EXERCISE DIRECTIONS:
Each entry below is to be returned exactly, with any pictures left out.

------------------------

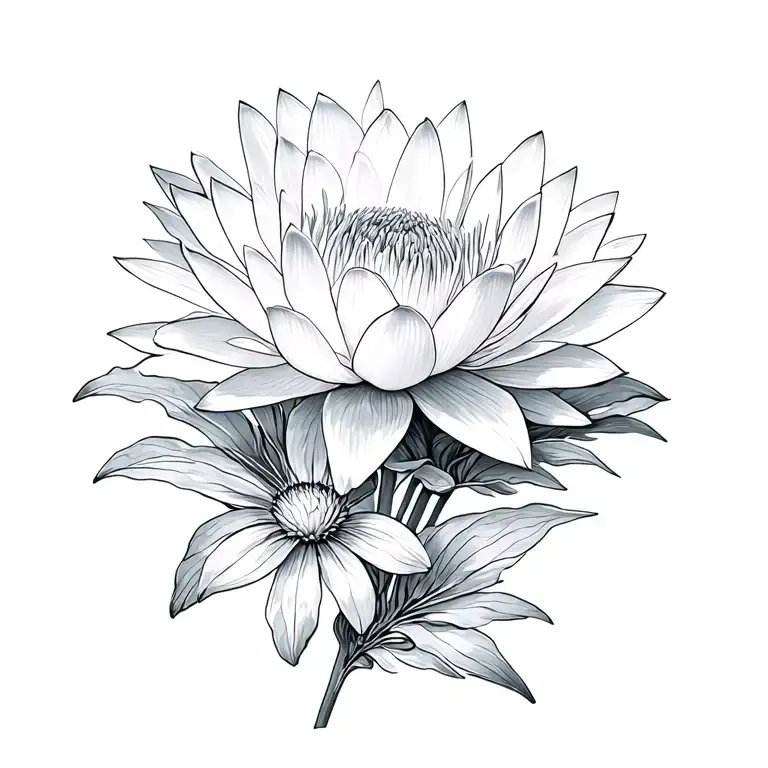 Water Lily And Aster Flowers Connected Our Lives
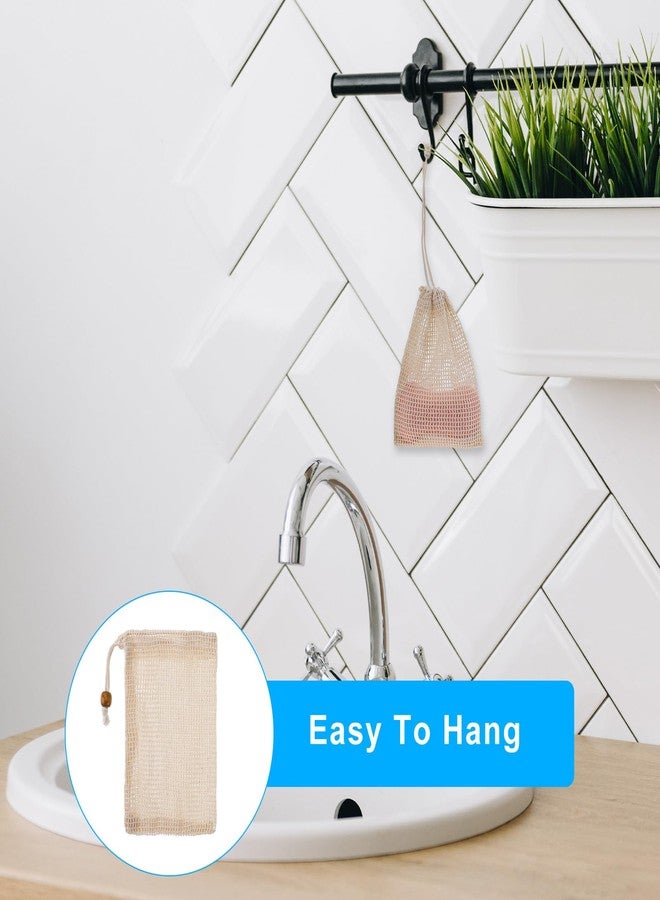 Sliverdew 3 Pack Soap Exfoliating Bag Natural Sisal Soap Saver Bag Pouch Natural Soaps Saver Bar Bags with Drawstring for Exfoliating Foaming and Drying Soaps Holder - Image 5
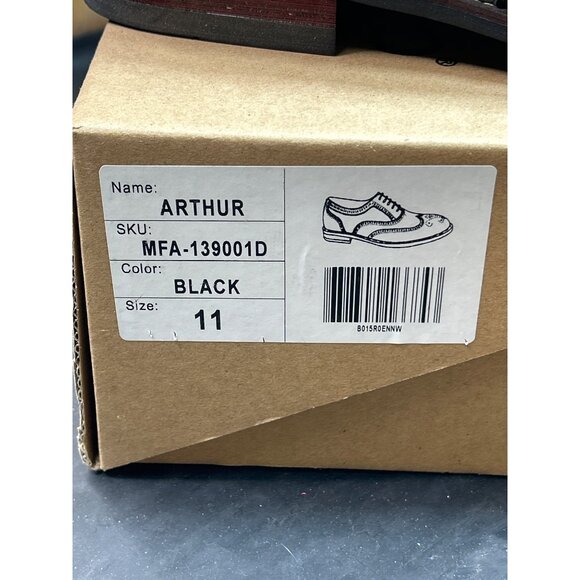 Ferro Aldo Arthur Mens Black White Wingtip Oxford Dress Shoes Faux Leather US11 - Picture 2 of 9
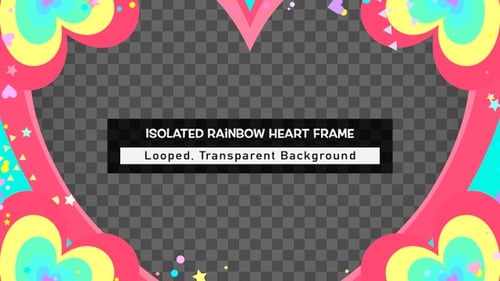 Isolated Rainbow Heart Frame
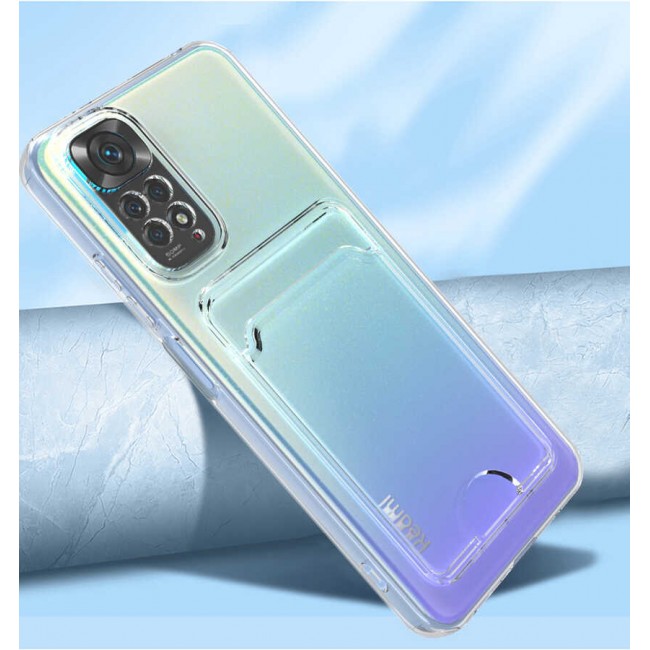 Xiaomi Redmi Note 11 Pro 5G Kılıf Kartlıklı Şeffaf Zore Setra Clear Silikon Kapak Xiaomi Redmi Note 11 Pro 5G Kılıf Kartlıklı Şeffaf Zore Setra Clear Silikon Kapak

------------------------

EXERCISE SOLUTION:
 Water Lily And Aster Flowers Connected Our Lives
 Sliverdew 3 Pack Soap Exfoliating Bag Natural Sisal Soap Saver Bag Pouch Natural Soaps Saver Bar Bags with Drawstring for Exfoliating Foaming and Drying Soaps Holder - Image 5
 Ferro Aldo Arthur Mens Black White Wingtip Oxford Dress Shoes Faux Leather US11 - Picture 2 of 9
 Isolated Rainbow Heart Frame
 Xiaomi Redmi Note 11 Pro 5G Kılıf Kartlıklı Şeffaf Zore Setra Clear Silikon Kapak Xiaomi Redmi Note 11 Pro 5G Kılıf Kartlıklı Şeffaf Zore Setra Clear Silikon Kapak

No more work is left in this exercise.